Orange alert. Orange alert.

Patrick McGoohan is dead.

The Prisoner inspires Trekker / Browncoat levels of devotion in me. (When I saw last week that AMC is streaming the original series online, my first thought was, “which episode order are they using?”) It was my first exposure to science fiction TV other than Star Trek, and it shaped my tastes immensely at a fairly young age. (I seem to recall that my father taped the show when CBS aired it after The Pat Sajak Show—which would make me ten or eleven years old at the time—but I think that I actually saw it on PBS before that.)

The Prisoner wasn’t a perfect show on an episode-by-episode basis; like too much television, it was padded out for commercial reasons to a greater length than its premise could sustain. But on the whole it did what any good show does, blending familiar story elements into something distinctive.

(For the uninitiated: imagine if Keifer Sutherland left 24 to star in a show about a nameless man exactly like Jack Bauer, who has been imprisoned and tortured by his former employers because he doesn’t want to work for them anymore. Also, there’s a enigmatic monster like on Lost, only it’s a sentient weather balloon that acts as a guard dog, which is way cooler than a cloud of smoke that thinks it’s a taxicab anyway, so stop snickering and get off my lawn.)

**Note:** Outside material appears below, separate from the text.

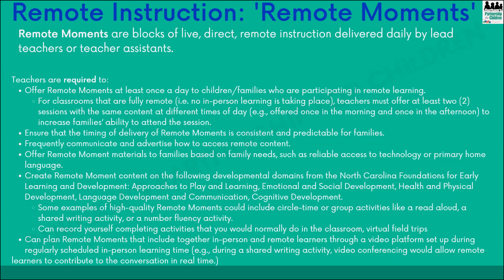You can plan remote moments that include both in-person and remote learners through a video platform. For example, if you want to do a read aloud in your classroom, you can set up a live video stream and let your remote learners and their families join. You can also record yourself completing activities you would normally do in the classroom, and you can consider virtual field trips. There are a lot of options for remote moments.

A huge part of the appeal of The Prisoner to my younger self was McGoohan’s ferocious performance. The Prisoner (the character) is a loner who absolutely refuses to compromise with the society he has rejected:

I will not make any deals with you. I’ve resigned. I will not be pushed, filed, stamped, indexed, briefed, debriefed or numbered. My life is my own.

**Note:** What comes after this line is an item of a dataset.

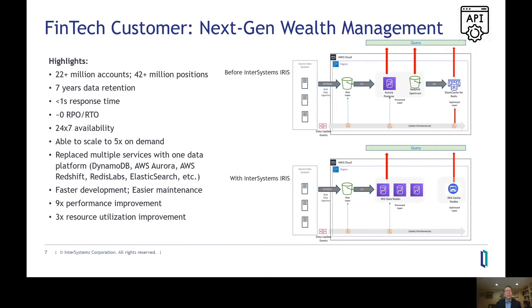Using a next-generation modern data platform, they were not only able to meet all of these critical requirements, but they replaced multiple point solutions with one single software product. This resulted in faster development, faster time to market, easier maintenance, a much simpler architecture, and lower total cost of ownership. In addition, they achieved a nine times improvement in performance for processing portfolio simulations and ingesting data, on three times fewer hardware resources.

But just because he’s dropped out doesn’t mean he’s mellowed, man:

I’m going to escape, come back, wipe this place off the face of the Earth, obliterate it; and you with it.

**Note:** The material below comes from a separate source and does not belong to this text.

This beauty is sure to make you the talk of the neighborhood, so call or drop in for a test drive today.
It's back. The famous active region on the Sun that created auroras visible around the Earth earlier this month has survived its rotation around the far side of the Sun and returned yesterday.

I mean, come on. That’s awesome. Not exactly a likeable character, true, but one comes to admire his sheer determination in the face of the seemingly limitless resources that The Village expends in its attempt to break him. (Come to think of it, I wonder if my failure to succumb to Rand or Heinlein the way so many of my peers did as a teen is because I’d already been exposed to a far cooler Rational Superman, at an age when it couldn’t do me as much harm.)

In my favorite episode, The Village, which has always refused to call The Prisoner anything but “Number Six”, creates an imposter Number Six, and insists that The Prisoner is—and always has been—Number Twelve. The scheme, of course, is to goad the individualistic Prisoner into asserting his “true” identity as Number Six, cementing his socialization into The Village. In the end, he wins (they don’t break him) but loses (he doesn’t escape). The moral? Doppelgängers + electroshock aversion therapy + spies + monsters = entertainment.

Certainly The Prisoner compares favorably with many shows that have followed it. Despite the occasional absurdity of the genre trappings, the padding, and its infamous ending, The Prisoner still had a much clearer point of view and narrative thrust than a certain inexplicably popular sci-fi drama ever has.